- Flag of Wisconsin
- Active: October 17, 1861 – November 24, 1865
- Country: United States
- Allegiance: Union
- Branch: Infantry
- Size: Regiment
- Engagements: American Civil War

Commanders
- Colonel: Maurice Maloney
- Colonel: William P. Lyon

= 13th Wisconsin Infantry Regiment =

Union Army infantry regiment

The 13th Wisconsin Infantry Regiment was an infantry regiment that served in the Union Army during the American Civil War.

==Service==
The 13th Wisconsin was raised at Janesville, Wisconsin, and mustered into federal service October 17, 1861.

March to Fort Scott, Kansas, March 1–7, 1862, and duty there till March 26. Ordered to Lawrence, Kansas, March 26, thence to Fort Riley April 20 and to Fort Leavenworth May 27. Moved to St.
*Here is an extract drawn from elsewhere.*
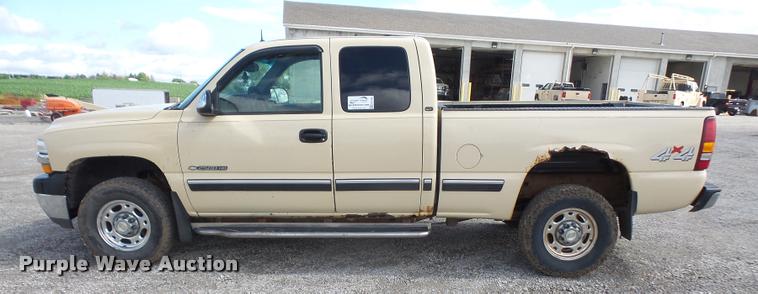 image for item DA1556 2002 Chevrolet Silverado 2500HD Ext. Cab pickup truck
Louis, Mo., thence to Columbus, Ky., May 29-June 2. Guard duty along Mobile & Ohio Railroad from Columbus, Ky., to Corinth, Miss., till August. Moved to Fort Henry, Tenn., thence to Fort Donelson, Tenn., September 2 and garrison duty there till November 11. Expedition to Clarksville September 5–10. Action at Rickett's Hill, Clarksville, September 7. Hopkinsville, Ky., November 6. Moved to Fort Henry November 11, and duty there as garrison and guarding supply steamers between the Fort and Hamburg Landing till February 3, 1863. Moved to relief of Fort Donelson February 3. Duty at Fort Donelson till August 27. March to Stevenson, Ala., August 27-September 14 and duty there guarding supplies till October. Moved to Nashville, Tenn., and duty there till February, 1864. Veterans on furlough February–March. Return to Nashville March 28. Garrison duty and guarding railroad trains from Louisville to Chattanooga till April 26. Guard duty along Tennessee River between Stevenson and Decatur till June. Moved to Claysville, Ala., June 4. Picket and patrol duty along Tennessee River till September. Scout from Gunter's Landing to Warrenton July 11 (Co. "C"). March to Woodville, thence to Huntsville, Ala., and guard Memphis & Charleston Railroad from Huntsville to Stevenson, Ala., with headquarters at Brownsboro till November. Repulse of Hood's attack on Decatur, October 26–29. At Stevenson till December. At Huntsville till March, 1865. Paint Rock Ridge December 31, 1864 (Co. "G"). Operations in East Tennessee March 15-April 22. At Nashville, Tenn., till June. Ordered to New Orleans June 16, thence to Indianola, Texas, July 12. Duty at Green Lake and San Antonio, Texas, till November.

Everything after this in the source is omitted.